The diet industry makes billions of dollars per year selling people on the notion that if they just eat less and weigh less they will be happier and healthier.  And for the consumer who doesn't want to diet the old fashioned way of restricting calories, carbs, fat, etc., there's the diets that allow you to eat the foods you really want like the cookie diet or liquid diets where all you drink is chocolate protein shakes that "taste so good" (let's be honest, no they don't).  While dietitians will preach against fad dieting, you don't have to look very hard to find books that are diets written by RD's, or to notice that the advice they give or articles they write often resembles a diet and subscribes to the belief that thin = healthy.  If an entire profession of food and nutrition experts can be brainwashed, it's easy to see how the general public is too.  

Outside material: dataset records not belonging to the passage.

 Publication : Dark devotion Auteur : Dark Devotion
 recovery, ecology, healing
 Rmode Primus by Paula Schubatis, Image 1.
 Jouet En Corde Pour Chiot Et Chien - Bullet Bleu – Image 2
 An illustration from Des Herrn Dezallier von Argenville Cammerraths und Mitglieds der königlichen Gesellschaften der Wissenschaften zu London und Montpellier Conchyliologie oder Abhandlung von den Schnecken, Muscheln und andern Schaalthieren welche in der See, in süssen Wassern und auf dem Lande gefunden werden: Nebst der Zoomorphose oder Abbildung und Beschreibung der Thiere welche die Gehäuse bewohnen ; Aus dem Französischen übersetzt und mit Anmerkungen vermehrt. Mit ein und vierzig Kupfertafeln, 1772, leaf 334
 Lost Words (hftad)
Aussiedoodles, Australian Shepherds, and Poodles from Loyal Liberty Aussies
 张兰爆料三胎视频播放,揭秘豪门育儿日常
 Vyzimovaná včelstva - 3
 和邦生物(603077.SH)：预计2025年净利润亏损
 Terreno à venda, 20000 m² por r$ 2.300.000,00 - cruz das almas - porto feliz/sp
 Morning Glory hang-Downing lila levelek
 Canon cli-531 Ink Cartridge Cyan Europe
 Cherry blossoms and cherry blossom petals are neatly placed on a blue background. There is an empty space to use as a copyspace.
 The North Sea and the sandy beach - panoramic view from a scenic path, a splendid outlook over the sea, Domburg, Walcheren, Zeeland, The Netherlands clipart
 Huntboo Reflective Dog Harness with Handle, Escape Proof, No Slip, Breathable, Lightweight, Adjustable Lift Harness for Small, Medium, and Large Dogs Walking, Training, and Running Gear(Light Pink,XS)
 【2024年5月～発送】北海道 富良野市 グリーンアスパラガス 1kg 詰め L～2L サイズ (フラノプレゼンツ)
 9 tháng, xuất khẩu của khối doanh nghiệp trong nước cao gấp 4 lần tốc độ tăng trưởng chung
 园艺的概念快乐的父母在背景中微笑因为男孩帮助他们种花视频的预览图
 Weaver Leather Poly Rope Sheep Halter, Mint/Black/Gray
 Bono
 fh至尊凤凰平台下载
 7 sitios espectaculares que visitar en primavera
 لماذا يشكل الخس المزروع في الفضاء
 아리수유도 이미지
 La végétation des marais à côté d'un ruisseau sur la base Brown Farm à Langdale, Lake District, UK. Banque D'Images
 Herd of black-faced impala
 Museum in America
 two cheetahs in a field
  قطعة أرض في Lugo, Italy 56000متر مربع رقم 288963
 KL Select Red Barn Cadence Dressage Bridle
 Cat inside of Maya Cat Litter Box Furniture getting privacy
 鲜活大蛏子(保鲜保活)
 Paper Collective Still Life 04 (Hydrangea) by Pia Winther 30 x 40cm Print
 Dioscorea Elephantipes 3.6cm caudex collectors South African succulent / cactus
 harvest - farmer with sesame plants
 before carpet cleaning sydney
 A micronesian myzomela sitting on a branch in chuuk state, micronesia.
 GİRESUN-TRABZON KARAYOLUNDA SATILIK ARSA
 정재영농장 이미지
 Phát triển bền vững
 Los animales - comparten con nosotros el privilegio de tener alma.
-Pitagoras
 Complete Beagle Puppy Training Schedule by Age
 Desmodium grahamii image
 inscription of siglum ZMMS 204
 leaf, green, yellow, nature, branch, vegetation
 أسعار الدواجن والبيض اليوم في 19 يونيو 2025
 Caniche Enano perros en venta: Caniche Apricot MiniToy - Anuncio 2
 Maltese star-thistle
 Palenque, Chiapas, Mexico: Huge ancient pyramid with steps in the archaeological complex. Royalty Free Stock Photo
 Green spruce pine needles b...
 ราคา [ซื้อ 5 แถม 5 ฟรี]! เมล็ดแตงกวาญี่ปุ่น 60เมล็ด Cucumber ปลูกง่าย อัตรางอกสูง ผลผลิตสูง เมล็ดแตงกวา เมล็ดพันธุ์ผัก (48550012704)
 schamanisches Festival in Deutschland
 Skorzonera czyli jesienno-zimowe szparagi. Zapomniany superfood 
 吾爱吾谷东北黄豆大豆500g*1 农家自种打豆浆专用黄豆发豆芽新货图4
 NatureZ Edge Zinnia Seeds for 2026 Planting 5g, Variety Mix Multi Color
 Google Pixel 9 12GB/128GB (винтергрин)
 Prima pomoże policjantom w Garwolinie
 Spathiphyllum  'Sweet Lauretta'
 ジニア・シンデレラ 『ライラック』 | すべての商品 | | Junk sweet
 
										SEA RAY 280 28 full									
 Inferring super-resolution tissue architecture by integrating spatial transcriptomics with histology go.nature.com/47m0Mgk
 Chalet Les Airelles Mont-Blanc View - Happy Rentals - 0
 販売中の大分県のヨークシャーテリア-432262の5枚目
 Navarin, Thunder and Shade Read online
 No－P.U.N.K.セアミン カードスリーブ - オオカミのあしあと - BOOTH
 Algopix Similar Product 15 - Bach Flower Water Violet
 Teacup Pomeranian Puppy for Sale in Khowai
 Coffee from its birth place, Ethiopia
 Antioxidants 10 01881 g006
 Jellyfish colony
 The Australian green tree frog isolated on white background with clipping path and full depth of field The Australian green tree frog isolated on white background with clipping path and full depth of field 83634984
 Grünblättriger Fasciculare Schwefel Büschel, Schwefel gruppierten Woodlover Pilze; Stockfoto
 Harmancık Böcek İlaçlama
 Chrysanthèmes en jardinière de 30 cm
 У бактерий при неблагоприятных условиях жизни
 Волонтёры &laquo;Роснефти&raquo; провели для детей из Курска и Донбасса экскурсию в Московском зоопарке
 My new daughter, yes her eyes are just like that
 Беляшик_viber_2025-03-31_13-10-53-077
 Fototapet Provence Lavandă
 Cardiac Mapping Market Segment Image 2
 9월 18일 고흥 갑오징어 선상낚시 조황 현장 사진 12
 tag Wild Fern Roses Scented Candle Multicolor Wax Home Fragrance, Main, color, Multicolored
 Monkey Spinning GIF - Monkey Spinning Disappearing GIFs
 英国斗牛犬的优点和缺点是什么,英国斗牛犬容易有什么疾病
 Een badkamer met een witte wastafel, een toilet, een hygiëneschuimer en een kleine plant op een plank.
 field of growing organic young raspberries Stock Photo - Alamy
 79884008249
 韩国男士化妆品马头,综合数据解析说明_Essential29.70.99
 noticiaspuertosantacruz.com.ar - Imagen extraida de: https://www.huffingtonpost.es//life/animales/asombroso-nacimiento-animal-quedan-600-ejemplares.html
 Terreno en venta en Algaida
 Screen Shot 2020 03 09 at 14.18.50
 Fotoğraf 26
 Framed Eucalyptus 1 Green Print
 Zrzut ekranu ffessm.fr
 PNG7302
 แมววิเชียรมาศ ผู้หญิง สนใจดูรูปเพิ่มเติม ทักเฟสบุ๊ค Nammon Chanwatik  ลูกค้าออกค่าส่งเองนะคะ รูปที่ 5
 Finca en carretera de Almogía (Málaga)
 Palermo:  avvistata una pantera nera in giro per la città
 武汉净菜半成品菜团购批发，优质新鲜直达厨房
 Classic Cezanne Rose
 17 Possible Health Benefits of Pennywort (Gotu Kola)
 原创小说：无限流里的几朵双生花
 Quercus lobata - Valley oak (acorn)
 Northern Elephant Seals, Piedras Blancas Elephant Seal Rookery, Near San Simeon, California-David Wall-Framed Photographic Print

When asked what I do for work I've started hesitating to disclose that I'm a dietitian, because 99% of the time the response I get is some variation of, "Maybe you could help me lose weight."  If I qualify my response by saying that I'm a dietitian who treats eating disorders I often get the response, "I wish I could have an eating disorder so I could lose some weight, but I like food too much."  Sigh…

Landing in the field of eating disorders has been the best thing for me.  There is now congruency between my personal and professional beliefs when it comes to health and nutrition.  Every day I get to help my clients redefine health to include balance and flexibility with their eating.  And I get to do it with an amazing network of like-minded colleagues.  My family and friends are sometimes surprised to hear that I often eat cookies or candy as a snack with clients, or that I might eat pizza with a client to show her that it's not harmful.  I celebrate when someone is able to eat fast food without guilt, restricting, compensating or overeating.  Because this is all part of healthy eating.  

Healthy eating is not about weight loss.  It's about feeding your body in a way that is enjoyable and makes it feel good.